Nuisance calls law finally passed

Nuisance calls law finaly passedCulture minister Ed Vaizey has warned telemarketing cowboys that the ICO is gunning for them, after the Government finally confirmed new laws to crack down on nuisance calls.
Following a major campaign by the DMA, which has been taken up by  Information Commissioner Christopher Graham in recent years, the new laws – which see the threshold for complaints slashed – will come into effect on April 6.
There had been claims the Government was dragging its feet over the issue but finally – following a six-week consultation – the new measures have been revealed. The DMA and ICO have both backed the new regulations.
Speaking on BBC Breakfast, Vaizey said just a single complaint could now trigger a fine from the ICO but suggested it would be persistent offenders who would be most likely to be in the dock.
Vaizey said the ICO knew who many of the rogue companies were but had been unable to act – until now – following the 2013 High Court ruling which overturned a £300,000 fine against a director of Tetrus Telecom because the regulator could not prove recipients had suffered “substantial damage or substantial distress”.
Vaizey added: “For far too long companies have bombarded people with unwanted marketing calls and texts, and escaped punishment because they did not cause enough harm.
“This change will make it easier for the Information Commissioner’s Office to take action against offenders and send a clear message to others that harassing consumers with nuisance calls or texts is just not on.”

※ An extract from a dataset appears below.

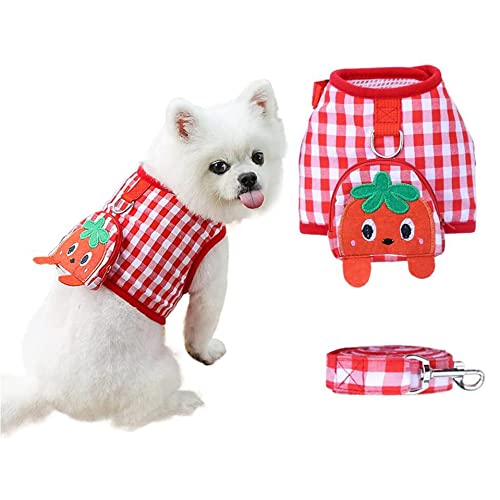 Ecoodisk Kein Pull -Hundegurt und Leine Set für kleine mittelgroße Hunde Welpenkatze Weste Kabelbaum mit niedlichen Obsttaschen weiche Mesh Palid Haustier Walking -Leitungen,A,XL von Ecoodisk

The Government also confirmed it was looking at other measures – including caller ID for all marketing calls as well as making board level executives responsible for nuisance calls and texts.
But the Fair Telecoms Campaign, which contributed to the consultation, said the announcement was only a “tiny step in the right direction”.
David Hickson, from the campaign, told the BBC: “Using the limited capacities of the ICO and [telecoms regulator] Ofcom can never succeed now that the problem has been allowed to grow to its present scale.”